Dyes are also added to ATF’s to distinguish them from other fluids such as engine oil, brake fluid, and antifreeze. Traditionally all ATF’s were dyed red, but nowadays ATF’s are available in other colours, such as blue, green and yellow, depending on what is specified by the transmission manufacturer.

One may well ask whether having an automatic transmission with so many gears is really better and, if so, what the limit is. With more gears in modern automatic transmissions, they can match the engine’s optimum torque and power curve with what is needed to propel a vehicle better under all driving conditions. Simply put, extra gears allow an engine to operate more efficiently and economically, regardless of the type of operation. The downside is that more gear ratios come with some specific disadvantages. These include transmission size and weight, complexity, possible reliability issues and, last but not least, more frictional losses. As a result, you lose the efficiency benefits of more gear ratios. It is, therefore, possible that we may have reached “ultimate” auto boxes where having more and more gears will begin to see diminishing returns. In fact, some manufacturers are now focusing on Continuously Variable Transmissions (CVT’s) that can change seamlessly through an unlimited range of gear ratios.

Continuously Variable Transmissions are not a new concept. For many years motor scooters have been fitted with CVT’s, usually the rubber belt with variable pulley variety, commonly known as twist-and-go transmissions. These transmissions consist of two variable-diameter pulleys, each shaped like a pair of opposing cones, with a rubber belt running between them. One pulley is connected to the engine and the other to the rear wheel. The halves of each pulley are movable. As the pulley halves come closer together, the belt is forced to ride higher on the pulley, effectively making the diameter of the pulley larger. Changing the diameter of the pulleys varies the ratio of the transmission. Making the input pulley smaller and the output pulley larger gives a low ratio for better low-speed performance. As the scooter accelerates, the pulleys vary their diameter to lower the engine speed.

 In CVT’s fitted to cars the rubber belt is replaced with a metal belt or chain running between the variable-diameter pulleys. This poses a unique set of different challenges as opposed to traditional ATF’s such as requiring higher shear stability and maintaining the appropriate amount of metal-to-metal friction while having enhanced anti-shudder performance. As in the case of ATF’s, there is not one universal CVT fluid that is suitable for all Continuously Variable Transmissions.

There is, however, a downside to CVT’s as well. CVT’s generally perform well in combination with smaller displacement engines, but engines developing more horsepower and torque exceed the (current) capacity of CVT’s. For this very reason CVT’s are presently not used in larger vehicles and some major manufacturers, including Chrysler and Ford, have in fact dropped CVT’s from their line-up. Other disadvantages associated with CVT’s are driver acceptance (changes in engine speed sounds like a slipping transmission), belt noise and durability (slipping CVT belts in particular).

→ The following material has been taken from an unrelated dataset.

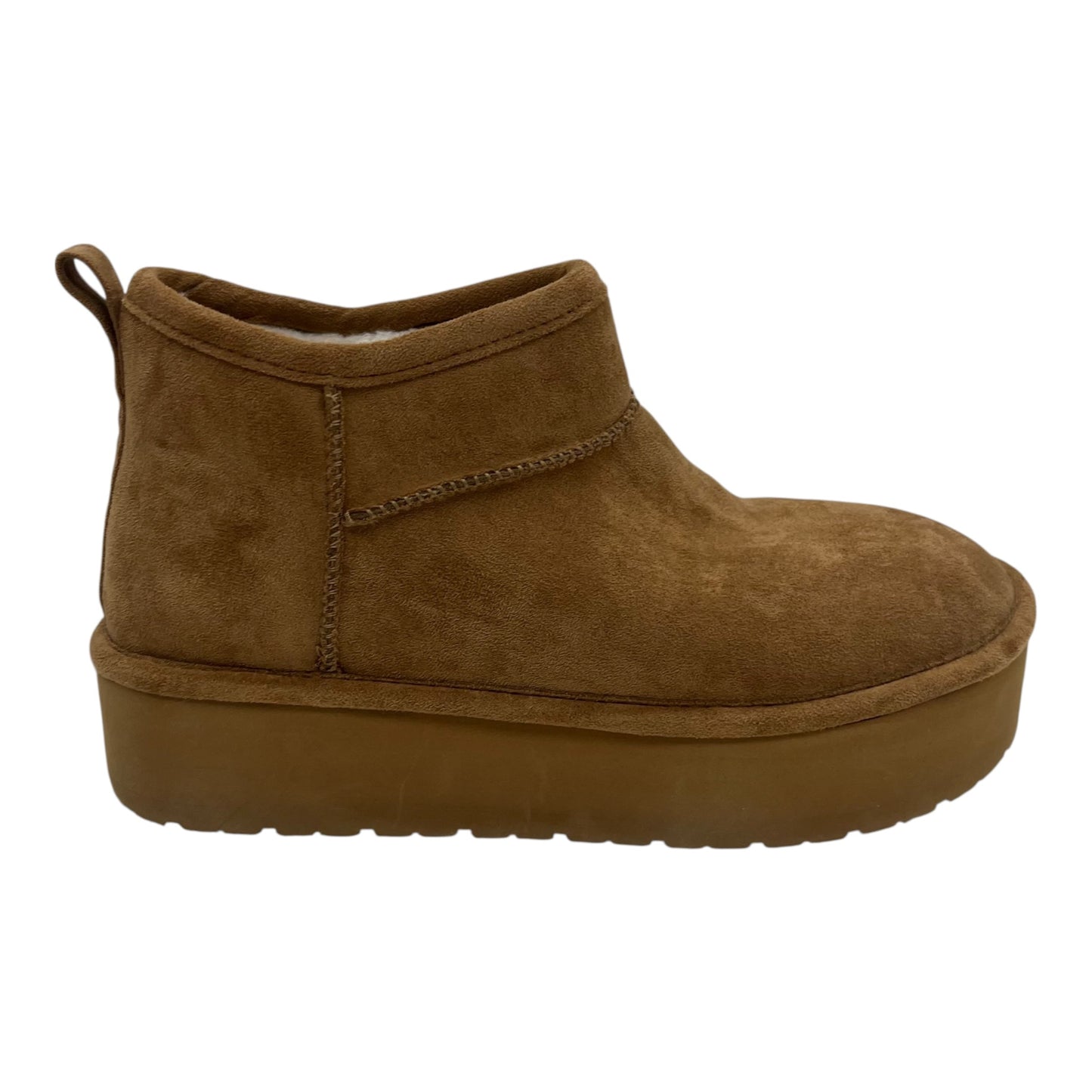 Boots Ankle Flats By Madden Girl In Tan, Size:10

It is, therefore, safe to assume that conventional automatic transmissions will still be with us for quite some time while other technologies are being refined. The only question is the maximum number of gear ratios that will be engineered into conventional auto boxes. Different automakers commit to transmission technologies for any number of reasons such as cost, durability, branding, experience, and drivability. In fact, because of the different advantages and disadvantages, it is hard to say that any one technology is best.